There is no single European country (with few exceptions like Spain, where the PP can encompass all right wing positions), where right wing and xenophobic parties have not grown since the 2009 crisis, and often are the tipping point in national parliaments. With coming elections, a tidal shift will happen all over Europe. The shift will be to the right, even in countries that have been examples of tolerance and inclusion, like the Nordic countries and the Netherlands.
Europe is now just a collection of 28 countries, each one with its own national agenda as a priority. Individually, they have resorted to a number of illegal measures, like building walls and barbed wire containment, without any European coordination. Austria has gone so far as to see if it can resurrect the old Austro-Hungarian empire, calling for an alliance between its old member countries, and the Balkans, with the exception of Greece, this last being currently and de facto the most involved in the subject of migration.
The sad episode of refugees trying to cross the border with Macedonia border, only to be repelled by a volley of tear gas grenades, was viewed with relief in Austria. And while individually every country tried to duck the issue of refugees, collectively they have made a deal with Turkey which has itself been condemned by the United Nations, and any number of legal experts. This deal occurred just a few days after Prime Minister Erdogan, sensing that Europe would have as priority her own comfort, would ignore his last attempt to take full control of Turkey, by taking over the largest daily newspaper, Zeman. He already controls the judiciary, the legislature, and the central bank, in a economy that is clearly run by his cronies.
Yet Europe has accepted to reopen the process of admission of Turkey to the EU, a country which was formerly considered too removed from European values, and that was before Erdogan’s rise to authoritarianism.

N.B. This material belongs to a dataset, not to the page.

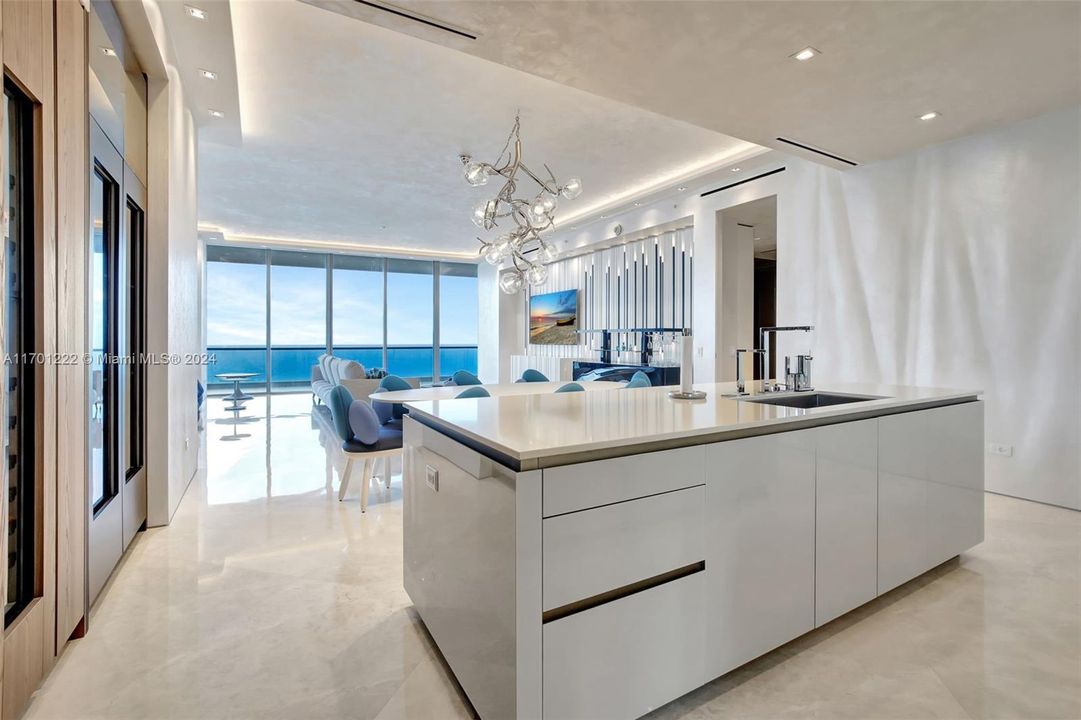 For Sale: $8,874,000 (4 beds, 5 baths, 3252 Square Feet)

The third horse is clear to everybody. Europe has bent its rules to accommodate the UK’s David Cameron’s request to be an exception, in order to convince British citizens to remain in Europe. It is far from clear if that manoeuvre will succeed. And Cameron has declared that he will no longer recognize the European Court of Justice. He does not recognize either Europe as competent to assign refugees to the UK. But if the referendum on keeping the UK in Europe should fail, this would be total loss of legitimacy for Bruxelles, and the concessions to Great Britain would open a massive precedent that other members might be tempted to follow.
In all this there is an external threat, the forth horse of the apocalypse, which is over European heads. And is Europe in the world. In 1900, Europe constituted 24 percent of the global population. At the end of this century, it will make up only 4 percent. This is accompanied ofcourse by a decrease of European relevance in the world. In the United States of America, that has led to the unprecedented phenomenon of Donald Trump. Here, to the growth of right wing parties and movements. The winning argument is about a better yesterday…Let us go back to the time when we were powerful and rich…let us eliminate all those treaties which have reduced my power as a nation, and made me dependent on external banks, bureaucrats and values…Trump? Not at all, the Prime Minister of Poland…

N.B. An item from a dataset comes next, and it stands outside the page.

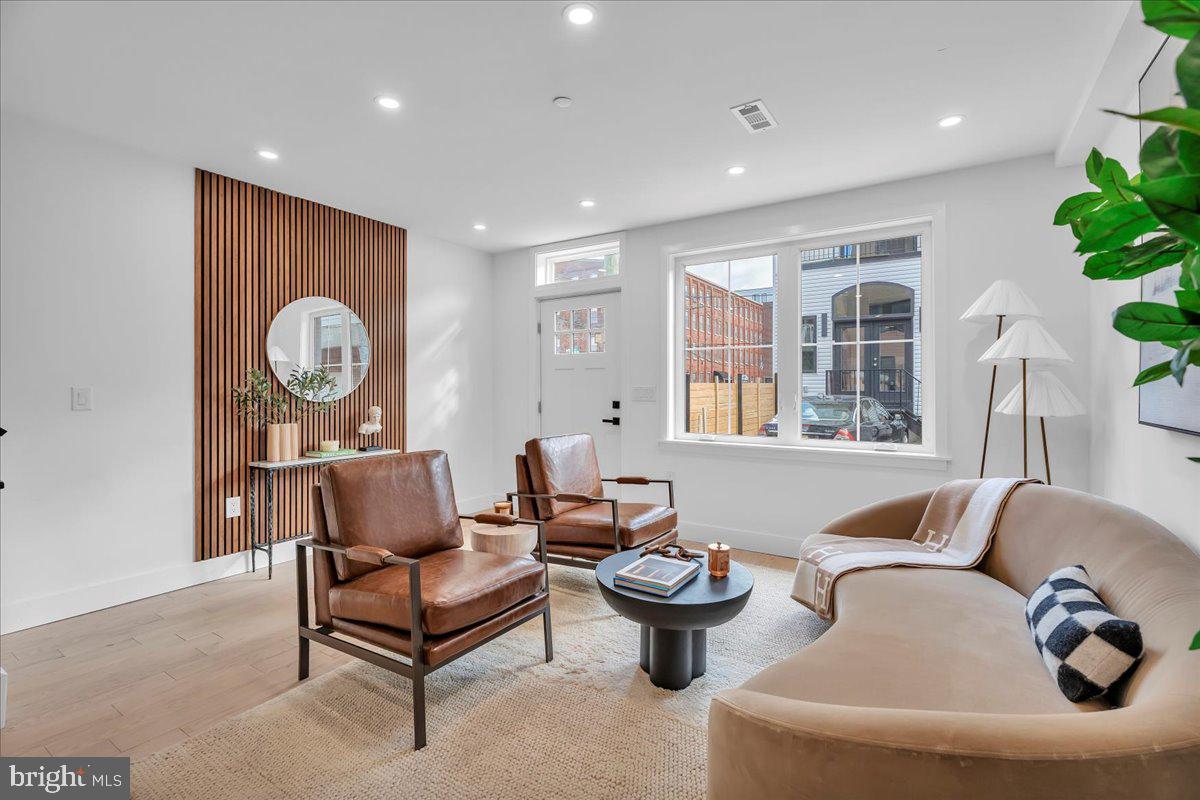 1146 N GALLOWAY STREET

The world, and especially Europe, is entering into a period of economic stagnation. That means that there is little to redistribute, and this is the basis of social democracy. Crisis plays into the hands of the right, as history tells us. The idea of an integrated Europe, with a strong social component, was somehow a progressive idea. Nationalism and xenophobia are returning. Let us thank the neoliberal vision of markets as the most important actors in society, the imposition of austerity and an end to solidarity as the new trends emerging from rich European countries.